It’s tough beating a dead horse with this Lori Loughlin and Mossimo Giannulli College admissions bribery scandal but unfortunately, it’s necessary. You already know the story: former actress Loughlin and clothing designer husband Mossimo Giannulli allegedly bribed the University of Southern California (USC) $500,000 to admit both of their daughters.
They claim to have “donated” the massive amount of money to USC’s Crew Team even though neither one of their daughters are on the team. The trial is coming up soon and the Hollywood couple’s schizophrenic behavior is certainly noticeable.
And now Lori Loughlin and Mossimo Giannulli are back in the news again because they are planning this bold move.
It’s bizarre how much Lori Loughlin and Mossimo Giannulli keep making headlines. It’s obnoxious actually.
Loughlin and Giannulli were both charged with mail fraud, but when they decided to take on the federal government, prosecutors slapped them with a money laundering charge as well, which could carry a sentence of up to 40 years in prison.

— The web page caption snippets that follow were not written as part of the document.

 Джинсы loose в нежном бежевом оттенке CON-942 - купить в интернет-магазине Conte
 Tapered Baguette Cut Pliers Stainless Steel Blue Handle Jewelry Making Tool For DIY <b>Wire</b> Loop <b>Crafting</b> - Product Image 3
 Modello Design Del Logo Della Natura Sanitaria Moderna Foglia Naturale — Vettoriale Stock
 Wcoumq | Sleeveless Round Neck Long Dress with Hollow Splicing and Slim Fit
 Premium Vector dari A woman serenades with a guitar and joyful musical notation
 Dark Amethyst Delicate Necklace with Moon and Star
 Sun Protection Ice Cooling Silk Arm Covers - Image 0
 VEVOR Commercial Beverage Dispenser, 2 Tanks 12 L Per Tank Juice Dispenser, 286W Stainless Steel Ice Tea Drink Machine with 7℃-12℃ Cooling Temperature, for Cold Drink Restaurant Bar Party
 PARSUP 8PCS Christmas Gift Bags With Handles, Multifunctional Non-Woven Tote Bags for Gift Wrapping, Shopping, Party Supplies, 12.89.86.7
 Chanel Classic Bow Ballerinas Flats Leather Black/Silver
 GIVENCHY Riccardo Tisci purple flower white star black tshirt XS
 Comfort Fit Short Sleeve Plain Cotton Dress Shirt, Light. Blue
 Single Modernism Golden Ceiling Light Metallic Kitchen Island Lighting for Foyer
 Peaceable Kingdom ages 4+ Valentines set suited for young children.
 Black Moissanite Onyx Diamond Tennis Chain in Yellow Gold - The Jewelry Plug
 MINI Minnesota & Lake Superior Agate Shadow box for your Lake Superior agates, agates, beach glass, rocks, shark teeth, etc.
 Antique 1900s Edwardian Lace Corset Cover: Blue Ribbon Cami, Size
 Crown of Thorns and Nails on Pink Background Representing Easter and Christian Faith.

Loughlin has been unabashed and adamant about her innocence and believes she would win her case against the federal government when all the facts were revealed about the case.
The “Fuller House” actress reportedly did a massive U-turn with her confidence in the case and regrets not taking the initial plea deal the federal prosecutors offered.
Entertainment Tonight reported that a source close to Loughlin said, “She is watching the reduced sentences of those who have taken plea deals, and wondering each day if she’s made the wrong decision. While a few friends have stuck by her side, many others have cut her off. She still feels it’s a huge misunderstanding, but seeing others be sentenced has scared her.”
But now Loughlin and Giannulli are flipping the script again by wanting to go through the trial proceedings together rather than separately.
The couple’s attorneys from Latham & Watkins said in a filing this week, “Giannulli and Loughlin are innocent of the charges brought against them and are eager to clear their names. And they believe their interests will be advanced most effectively by presenting a united front against the Government’s baseless accusations.”
This is largely a bad strategy because sometimes the best defense for one client may compromise the defense of the other and vice versa.
The law firm also wrote, “a common defense often gives strength against a common attack … Whatever happens, Giannulli and Loughlin will have their interests fully protected, and the case will proceed without undue delay.”
The couple is due in court on August 27th but these kinds of trials and cases can take years before a jury comes down with their verdict.
They plan to use “ignorance” as their defense strategy, which means the prosecutors will have to prove beyond a reasonable doubt that both Loughlin and Giannulli were aware they were bribing USC.
Nevertheless, they still maintain their innocence but they could spend the rest of their lives behind bars if they roll the dice and are proven wrong.